Financial Education Clearinghouse

Investment Basics

With the exception of bank insured products, there will always be a degree of risk involved in investing.

Risk and return go hand-in-hand. Higher risk usually means greater risk. Lower returns usually means greater safety.

If anyone guarantees your investment against loss, be skeptical and suspect fraud. Never invest is anything that you don't fully understand.

Avoid Focusing Purely on Goals

Focus on the whole range of the investment's characteristics in your decision-making. Do not simply focus on the return.

Before you purchase an investment, you should understand the following:

  • the cost
  • the degree and nature of the risks
  • investment goals
  • performance history, and
  • any fees associated with the investment.

Get Everything in Writing

You should never rely on oral statements for assurance - get it in writing, and make sure you understand the information you receive. Check it against your own goals and risk tolerance. Get the opinion of an outside source if you are not sure.

If you are considering a mutual fund, for example, make sure you get answers to the following questions:

  • What are the fund's goals and investment strategies?
  • What are the fees and other costs involved, and how do they compare to comparable funds?
  • How are the costs determined?
  • What is the fund's performance and management history?
  • How does it compare with similar funds?
  • Are derivatives part of the fund? If so, are they used for hedging or speculating?
  • Who is the fund manager? What is his or her background and investment history?
  • Who can you call for more information?

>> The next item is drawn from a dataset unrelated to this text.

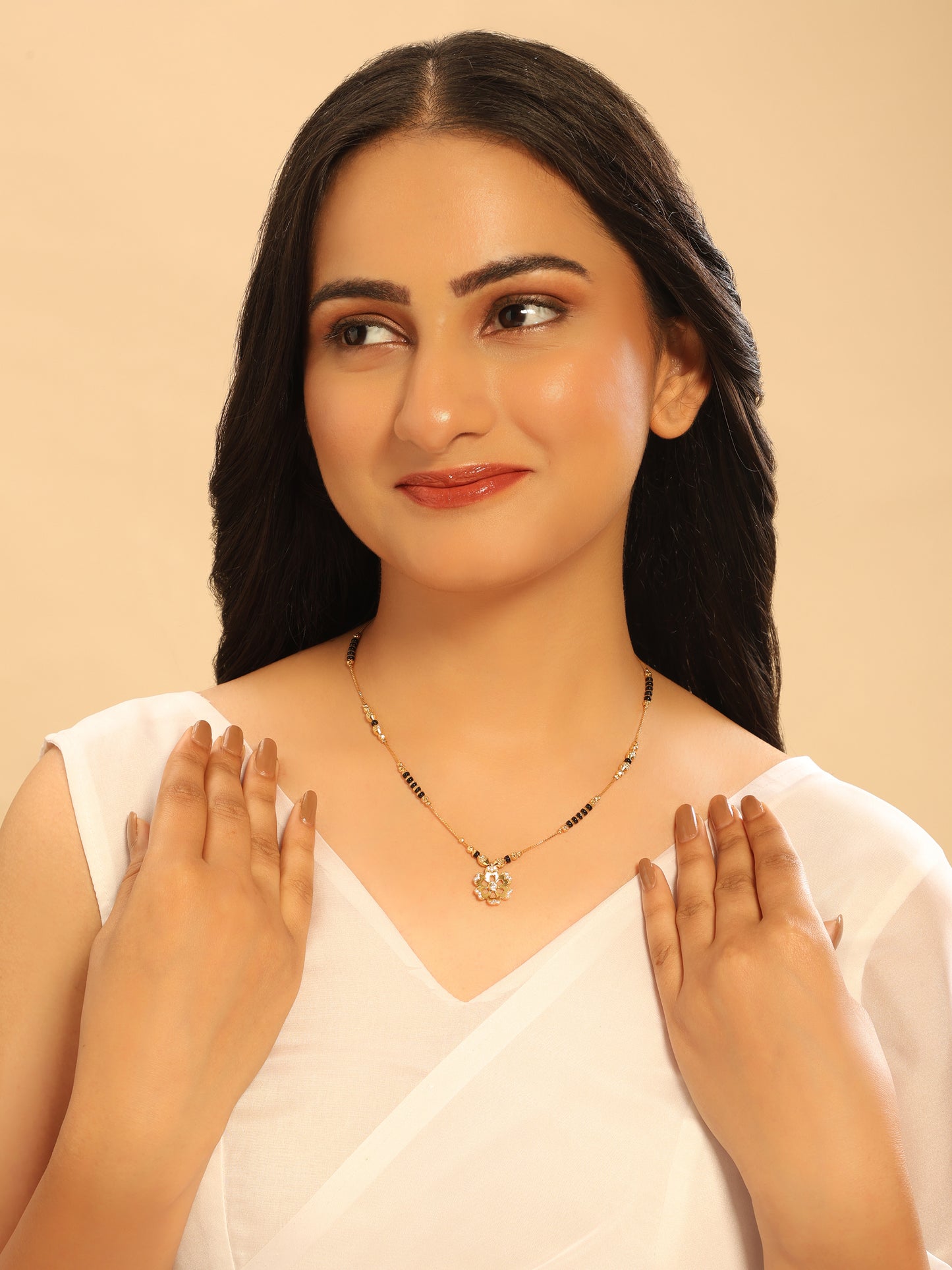 Kesar Bloom Mangalsutra – Floral Pendant with Dual Tone Beads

Building a Successful Portfolio

Building a portfolio that is best for you should be based on your age, financial needs, and tolerance for risk. Just looking at funds that made the most money last year instead of how funds performed over the past 10 years could lead to trouble.

Use Common Sense

The internet has literally thousands of web sites dealing with investments. There are many very good ones and many very bad ones. Again, use your common sense and check out any information you see.

Deal with Licensed Professionals and Registered Products

Investment professionals need to be licensed with the Washington Department of Financial Institutions (DFI). In addition, most investment products sold need to be registered with DFI.

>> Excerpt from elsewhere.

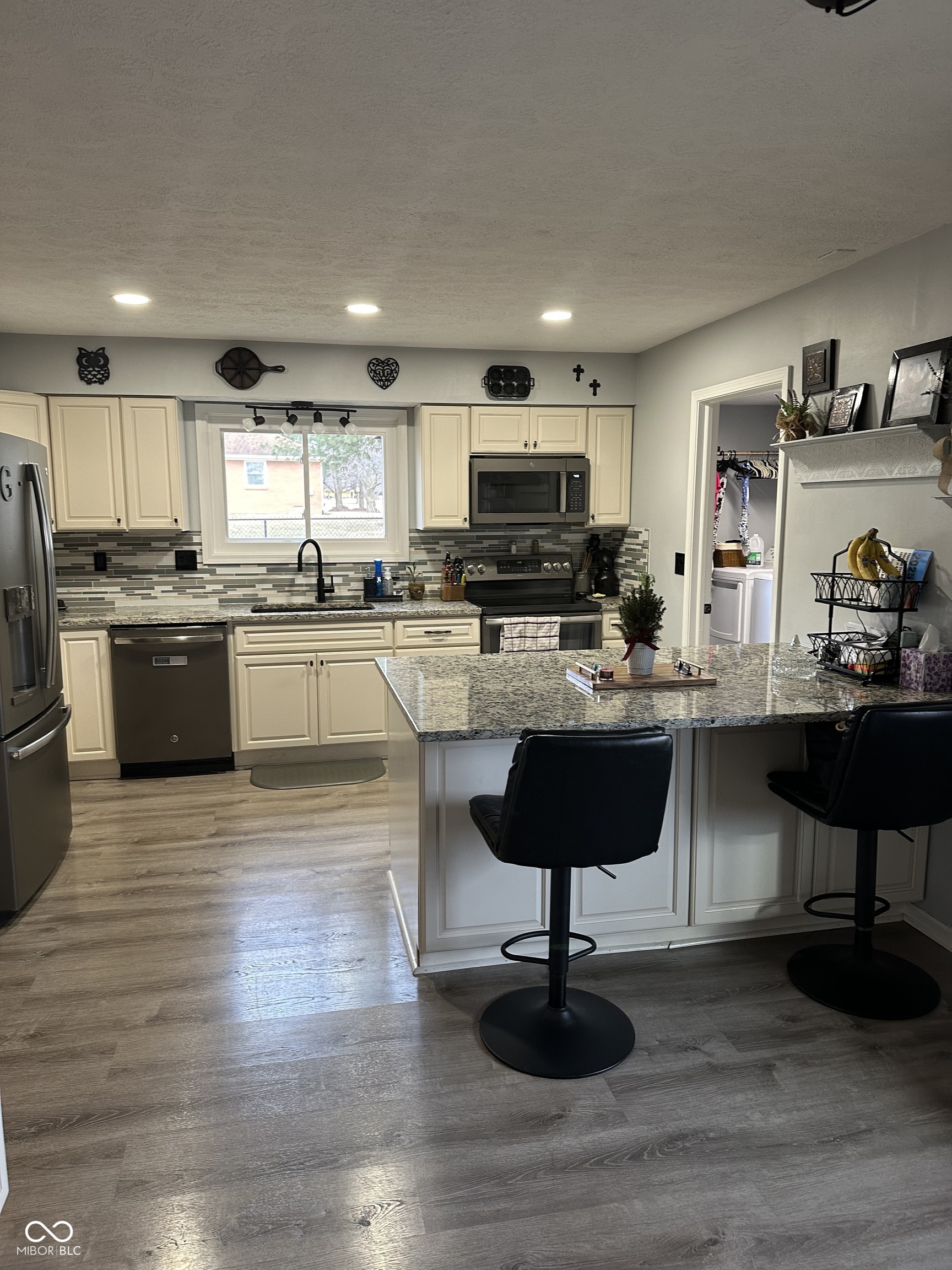1130 W State Road 42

To check the licensing status and to find out if there are any complaints against an investment professional or investment product, contact the Washington State Department of Financial Institutions at 1.877.RING DFI (746-4334).

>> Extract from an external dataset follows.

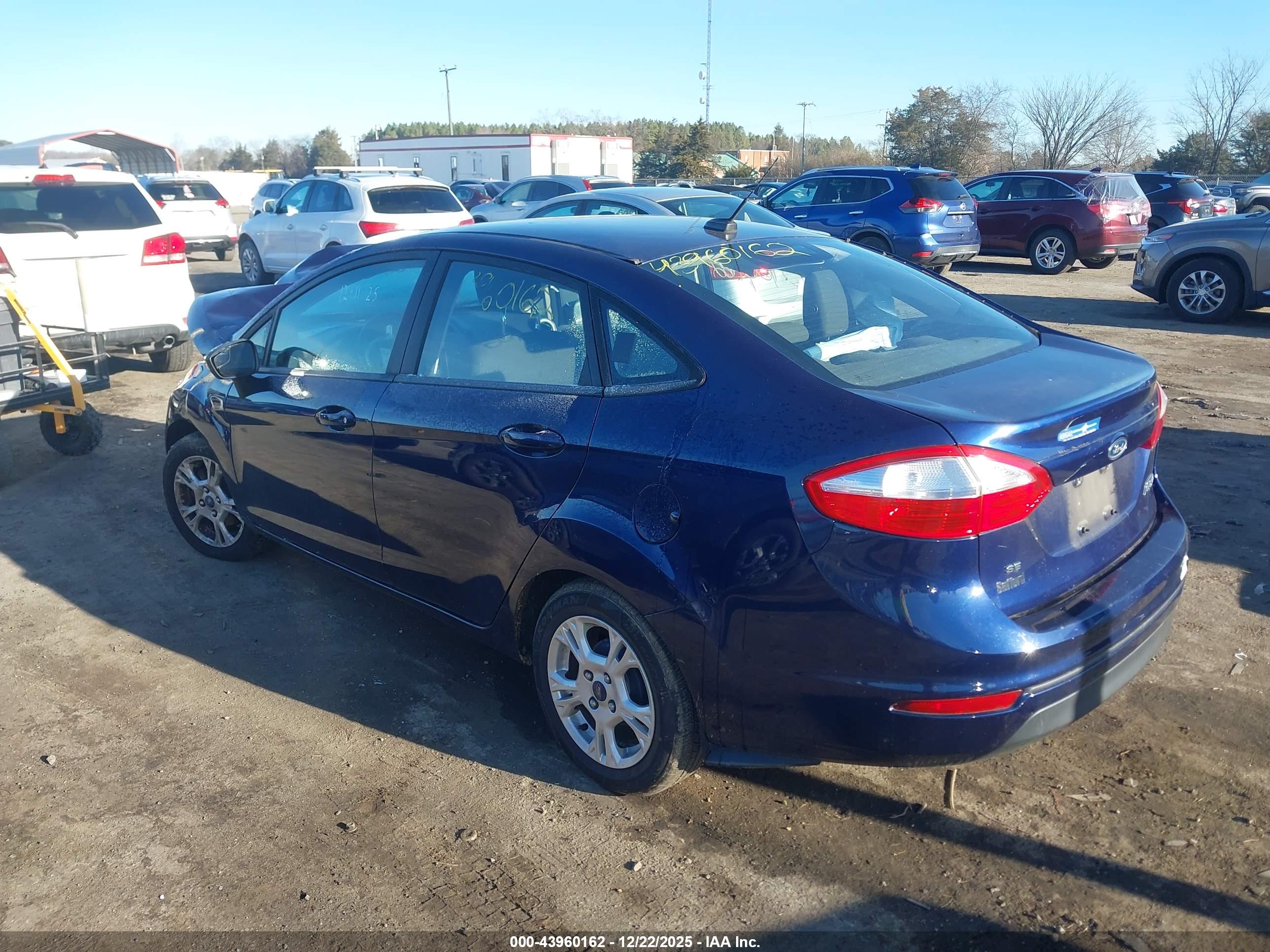 FORD FIESTA image 3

The Securities Investor Protection Corporation (SIPC)

Unlike the Federal Depository Insurance Corporation (FDIC), the SIPC is not a government agency. The SIPC only offers protection if a SIPC member fails financially and is unable to meet obligations to its securities customers. SIPC doesn't protect an investor against loss resulting is the ups and downs in the Market nor does it cover loses from bad advice, unsuitable recommendations, or fraud.